College students often are unhappy with their grades or upset with professors.
But in Carlos Bayon's case, something extraordinary happened: He sued the University at Buffalo and walked out of federal court with a $601,000 verdict.
A jury recently awarded the money to Bayon, 49, of Lewiston, after he claimed that unfair treatment from faculty members prevented him from earning a doctorate at the UB Department of Anthropology.
State officials said it is believed to be the largest such verdict awarded to a former student of New York's university system. Bayon's legal fight, so far, has taken more than six years.
"I cried when I heard the verdict. I felt like 10,000 pounds were lifted off my shoulders," Bayon said in an interview. "I've always felt that if a jury of unbiased people ever got to hear my story, they would believe me. And these people did."
In his lawsuit, Bayon accused members of the UB anthropology faculty of giving him low grades in 1997 to retaliate against him for filing a number of discrimination complaints against them. A native of Puerto Rico who walks slowly with a cane, Bayon said those low grades -- a D and a C in two key courses -- caused him to lose his financial assistance and forced him to leave graduate school at UB.
Ultimately, Judge John T. Elfvin dismissed the discrimination complaints based on race, nationality and disability, but he allowed Bayon's retaliation complaint to go to trial. The verdict was awarded in Elfvin's court May 5.
"The jury's award was for retaliation, not discrimination," said Bayon's court-appointed Buffalo attorney, Robert G. Scumaci. "When Carlos filed his discrimination complaint, his right to file a complaint was protected by federal law. The law protects him from retaliation."
A state attorney, Ann C. Williams, has asked Elfvin to overturn the verdict. In court papers, Williams said the only reason for Bayon's problems at UB was his own "poor academic performance."
Any adverse actions taken against Bayon at UB were for "legitimate academic reasons," Williams argued.
A spokesman for UB and the State Attorney General's office declined to discuss the case.
In court papers and trial testimony, though, UB officials vehemently denied any discrimination against Bayon. They also denied that anyone at the university retaliated against him for filing a complaint.
Lewis E. Rosenthal, an associate counsel for the state university system, said he believes it is the largest such verdict ever awarded to a former student in the history of the system.
Bayon said he is in "constant pain" and sometimes is unable to walk because of injuries to his knee, back and neck, suffered during a violent robbery and assault in Miami in 1991.
He is unemployed and collecting state disability payments. He has an undergraduate degree in sociology from UB and still hopes to get his Ph.D. in anthropology.

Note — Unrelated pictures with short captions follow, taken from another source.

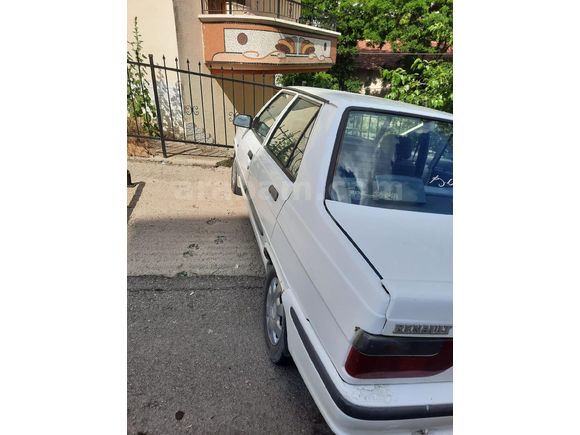 Sahibinden Renault R 9 1.4 Broadway RN 1997 Model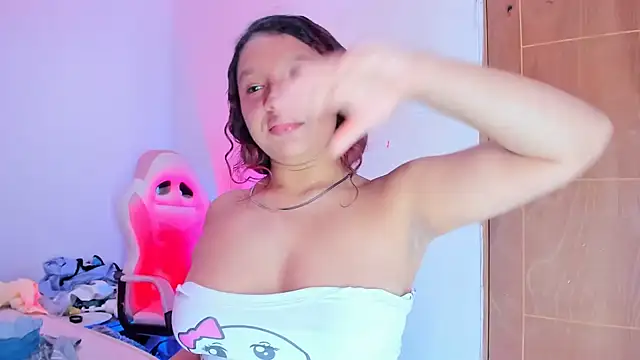 Emily_Coper18 live XXX chat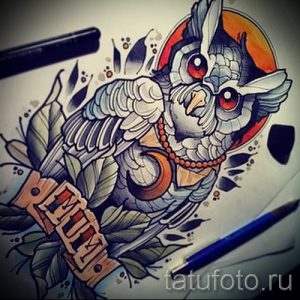 Красочный эскиз татуировки совы в стиле олдскул с яркими цветами и четкими контурами. Идеально для предплечья или плеча.
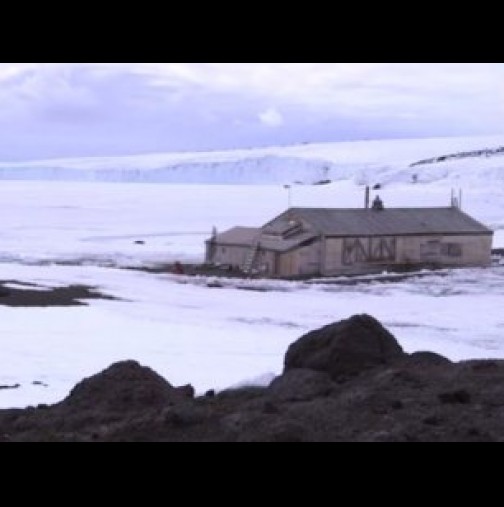  Те откриха къща буквално на края на света: Когато влязоха вътре, не можаха да повярват на очите си! (Видео)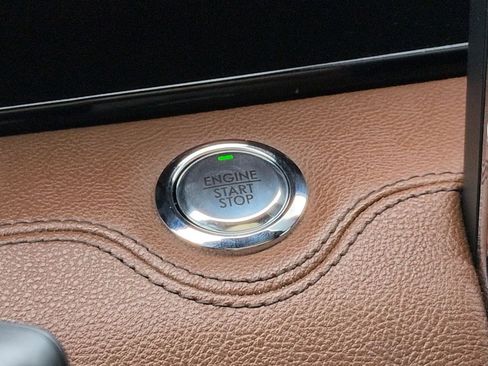 Used 2022 Lincoln Navigator L Reserve AWD/4WD image 30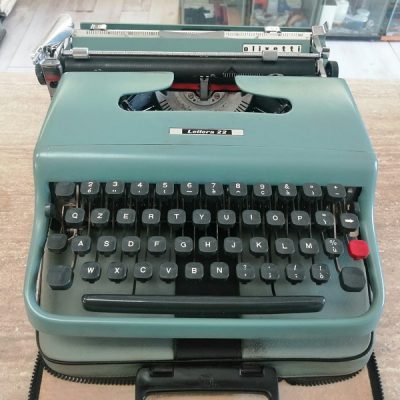Macchina da scrivere Lettera 22 Macchina da scrivere Lettera 22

"My grandfather, mother and sister all were teachers. I'd like to teach, possibly back in Puerto Rico," he said. "Anthropology (has) so many variations, all covering interactions with people. It looks at how and why people live the way they do. It fascinates me."
His original lawsuit, filed in 1998, accused UB faculty of discriminating against him on the basis of race, nationality and disability. He said professors repeatedly refused to give him special accommodations to complete tests or papers, even though he was registered as a disabled student with UB's office of disability services.
The 1998 lawsuit accused one professor of saying he wanted an "elite group" of anthropology graduate students with an "excellent command of English." Bayon also charged that the Anthropology Department's qualifying exam is "a tool of racist discrimination and biased against minority students."
Bayon said he filed a civil rights complaint against UB in June 1997. After that, he said, professors began giving him a hard time and bad grades. He said a professor told him he would never get his Ph.D. unless he dropped his discrimination suit.
Legal arguments on the state's effort to have the verdict overturned are expected to be heard by Elfvin in late June.
Bayon said he is especially thankful to Scumaci, who assisted him without pay since 2001. Scumaci may eventually receive some hourly compensation, court officials said, but nowhere near the $200,000 he would have received from Bayon under a normal attorney-client contingency agreement.
Bayon said he hopes the verdict stands, and if it does, he will use part of the $601,000 to continue his education. He said he would still like to earn his doctorate, and wouldn't rule out returning to UB to do it.
"I would not discard that possibility," Bayon said. "UB is one of the finest schools in the area."